This study investigated regional variations in the diets of South Polar Skuas in the Ross Sea region, Antarctica by using stable isotope analysis. The results demonstrate that skuas adopt opportunistic foraging strategies, predominantly targeting the most abundant or accessible prey at each site. These findings highlight the ecological flexibility of South Polar Skuas in adapting their foraging strategies to local prey availability, a vital trait for survival in the resource-limited Antarctic ecosystem.

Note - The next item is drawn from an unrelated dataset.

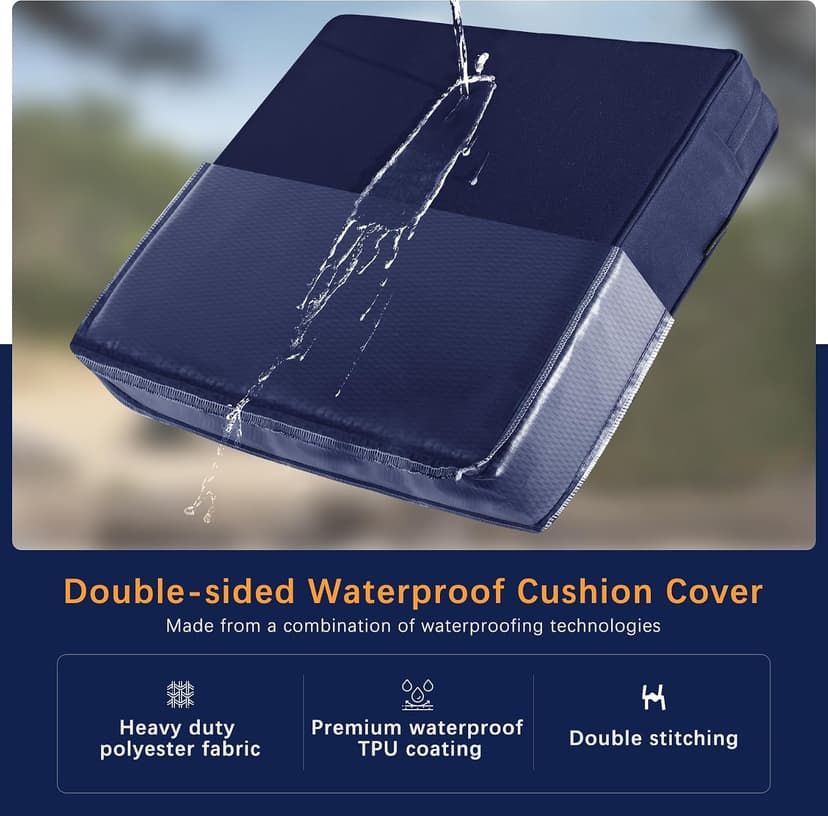 Favoyard Outdoor Seat Cushion Set 24 x 24 Inch Waterproof & Fade Resistant Patio Furniture Cushions with Removable Cover Deep Seat & Back Cushion with Tie Straps for Chair Sofa Couch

The δ¹³C values of skuas at Cape Möbius were significantly higher than those at the other study sites (Fig 3a). This enrichment likely reflects a reduced reliance on krill and krill-dependent Adélie Penguins, along with greater consumption of fish and the carcasses or placentas of piscivorous Weddell seals (Fig 5). By contrast, δ¹⁵N values did not differ significantly among sites (Fig 3b), possibly due to high individual-level variation and the limited sample size. However, the δ¹⁵N values at Cape Möbius, located near the Weddell seal breeding site, and at Cape Washington, adjacent to an Emperor Penguin breeding colony, were higher than those at Inexpressible Island and Cape Hallett, both of which are associated with Adélie Penguin colonies. These spatial patterns suggest that skuas at Cape Möbius and Cape Washington have greater access to prey from higher trophic levels than those at the other sites. The two isotopic outliers excluded from the analysis may reflect unusual short-term dietary events, such as opportunistic scavenging or the consumption of atypical prey shortly before sampling [22,24,29].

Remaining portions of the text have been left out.